OCP Summit: How Cloud Data Centers Scale to Accommodate Ever-Growing Amounts of Data

  • Hyperscale data centers

Welcome to the OCP Summit 2017, hosted by the Open Compute Project this week, March 8 and 9 at the Santa Clara Convention Center in Santa Clara, California. Seagate’s here joining more than 2,500 IT architects who typically attend the summit from the technology, finance, government and consulting sectors. Worldwide the OCP community comprises thousands of participants spanning hundreds of companies, each working to further develop and define the OCP specifications and make possible the most flexible, efficient and sustainable infrastructures.

Hyperscale Data Centers, and why the Open Compute Project is so important

As cloud data centers scale to accommodate ever-growing amounts of data, traditional data center approaches won’t meet their needs for reasons of scale, cost and performance.

Instead, organizations are taking cues from companies like Facebook to create commodity- and open standards-based storage based on storage specifications set forth by the Open Compute Project (OCP) and other open models.

Here’s why: This approach can help reduce the complexity of hyperscale computing and make it accessible to all organizations grappling with how to scale their data centers — from cloud service providers to traditional enterprises like those in the government and financial services sectors.

Following the standards put forth by OCP, the approach emphasizes more efficient design and deployment of commodity infrastructure to help address the data deluge despite the budget constraints so many organizations face, providing a viable way to scale while handling ever-growing amounts of data.

Seagate’s involvement with the Open Compute Project

Today’s hyperscale data centers want to adopt the fastest and highest capacity storage technology with the latest and most sustainable standards. OCP storage specifications help meet these objectives by reducing the power and cost burdens traditionally associated with operating at this level of performance.

Seagate believes this OCP-focused approach offers the best model to accelerate the innovations needed to support data growth in cloud data centers — while also enabling enterprises to easily scale their infrastructure as their data needs evolve.

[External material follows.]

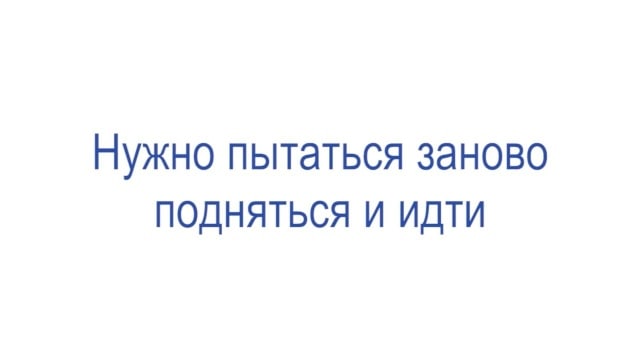 Нужно пытаться заново подняться и идти.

Seagate is actively invested in driving these developments, and it’s paying off today in what we’re able to deliver for data center customers.

Architects of Data-Driven Empires

As a key player in the OCP community, our involvement is multifaceted. We work with other OCP members to understand the needs of, and find consensus within, the industry — and to define the direction and design of future OCP Open-Compute-Projectsolutions and to solve storage challenges faced by hyperscale players, from developing common APIs for managing drive health, to designing the world’s most energy efficient architectures to handle unprecedented scale at the lowest possible cost.

And, our storage solutions are part of OCP-compliant partner solutions from many leaders, with several showing solutions at OCP this week including Dell EMC, Inspur, Marvell, Mellanox, Red Hat, QCT and Wiwynn.

Seagate’s enterprise data center portfolio — a complete ecosystem of HDD, SSD and storage system products — is designed to help customers manage the deluge of data they face and move the right data where it’s needed fast to meet rapidly evolving business priorities and market demands.

This portfolio includes technologies that meet OCP specifications and can help hyperscale data centers obtain more value from the rapidly expanding amount of data they must contend with, even under the most demanding application requirements.

New Seagate OCP-compliant technology leads the way

Among Seagate’s offerings that meet OCP specifications are new flash and hard drive innovations that push speed, capacity and density limits for today’s data centers.

12TB Enterprise Capacity HDD

At this year’s OCP Summit, Seagate announced our new 12TB Enterprise Capacity 3.5 HDD, designed to deliver highly scalable and energy-efficient hard drive storage using Seagate’s power-efficient helium technology while supplying more than 10PB of capacity in a standard 42U rack, resulting in improved total cost of ownership.

This new hard drive design supports even denser storage solutions than before, but uses the same data center infrastructure — ideal for data centers looking to more efficiently and cost-effectively scale to accommodate increasing amounts of data.

Building on our fast-growing flash innovations

At Booth #B7 on the floor of the Summit we’re also demonstrating our new SSD technologies for the future. They include:

  • Our fastest NVMe M.2 SSD, featuring high-speed boot and caching in an ultra-small M.2 form factor.
  • A dense, low-power 4TB NVMe M.2 SSD in an ultra-small M.2 form factor and ideal for all-flash arrays.

These technology innovations reflect the reality of data centers working to accommodate an ever-increasing amount of data: Time is money, and your data is only as good as how easily you can access it and put it to use.

These SSD technologies will help improve on demands for fast access to information, where split seconds drive incremental value gains.

They represent an ideal for data centers seeking to easily grow with their data without losing the ability to quickly access and process it — a scenario commonly seen in applications involving high-performance computing, scale-out databases and Big Data analytics, such as scientific research and weather modeling.

These are just a few compelling examples of how Seagate’s depth and breadth of technology innovation continues to move ahead to help meet data center needs, regardless of data center size or specialty. Our aim as a key member of OCP continues to be innovating to help IT architects push the envelope on storage capacity, scale, cost, performance and security.